In the future, these courses could be coupled with pre-recorded introductions and training videos (to be hosted on the Turing online learning platform and The Turing Way YouTube channel).
They can also be delivered by trainers and domain experts, who then mix and match lessons from across the two courses and present them in an interactive workshop format.
Next Steps after this Training
After completing this course we recommend these next steps:
- Go through the “Managing and supervising computational Projects” course (unless already completed)
- Explore the set of resources provided at the end of each lesson for a deep dive into the topics with real-world examples
- Establish connections with other courses and training materials offered by The Alan Turing Institute, The Crick Institute, The Carpentries, The Turing Way and other initiatives and organisations involved in the maintenance and development of this training material
- Connect with other research communities and projects in open research, data science and AI to further enhance theoretical and technical skills
- Collaborate with other scholarly experts such as librarians, research software engineers, community managers, statisticians and experts with specialised skills in your organisation who can provide specific support in your project.
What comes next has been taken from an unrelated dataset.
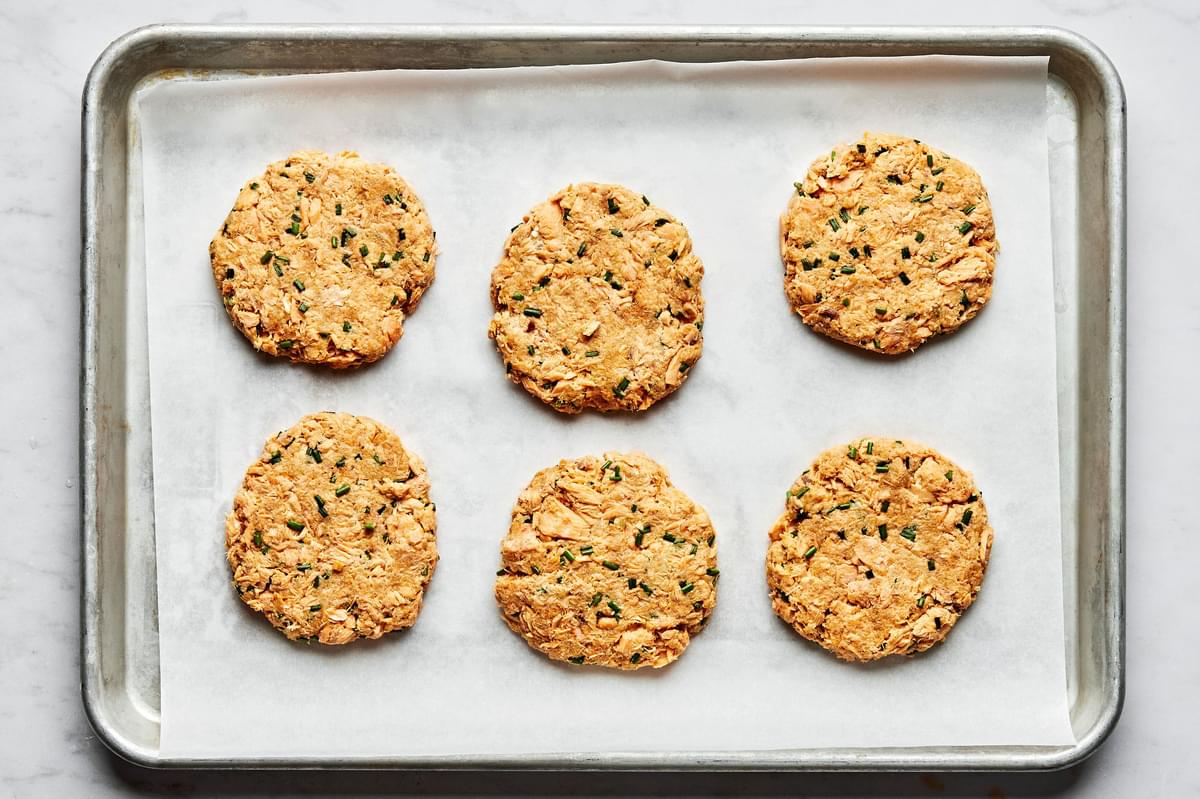 raw salmon patties on a parchment lined baking sheet made with spices,  Dijon, lemon juice, chives, mayo, egg & breadcrumbs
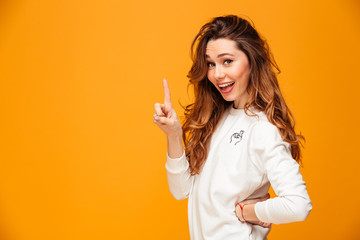 Sticker - Happy brunette woman in sweater posing with arm on hip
In this course, we are introducing data science, AI and related concepts. Another workshop materials developed under the Data Science for Biomedical Scientists project, Managing and Supervising Computational Projects, discusses best practices, tools, and strategies of project management in reproducible computational projects. Although both courses were developed to complement each other they can also be booked separately. Both courses discuss challenges, solutions and examples of machine learning and AI applications within biomedical research and related fields. The recommendations are transferable across many other disciplines within Life Sciences.
Funding and Collaboration
Data Science for Biomedical Scientists is funded by The Alan Turing Institute’s AI for Science and Government (ASG) Research Programme. It is an extension of The Crick-Turing Biomedical Data Science Awards that strongly indicated an urgent need to provide introductory resources for data science in bioscience researchers. This project extension will leverage strategic engagement between Turing’s data science community and Crick’s biosciences communities.
Pulling together existing training materials, infrastructure support and domain expertise from The Alan Turing Institute, The Turing Way, The Carpentries, Open Life Science and the Turing ‘omics interest group, we will design and deliver a resource that is accessible and comprehensible for the biomedical and wet-lab biology researchers.
This project will build on two main focus areas of the Turing Institute’s AI for Science and Government research programmes: good data science practice; and effective communication with stakeholders. In building this project, we will integrate the Tools, practices and systems (TPS) Research Programme’s core values: build trustworthy systems; embed transparent reporting practices; promote inclusive interoperable design; maintain ethical integrity and encourage respectful co-creation.
Exercise/Discussion/Reflection
- What is your primary motivation to learn about the potential of data science and AI in your research field?
- What do you hope to learn by the end of this course?
License
All materials are developed online openly under CC-BY 4.0 License using The Carpentries training format and The Carpentries Incubator lesson infrastructure.
Key Points
This workshop is developed for mid-career and senior researchers in biomedical and biosciences fields.
This workshop aims to build a shared understanding of data science and AI in the context of biomedicine and related fields.
Without going into underlying technical details, the contents provide a general overview and present selected case studies of biomedical relevance.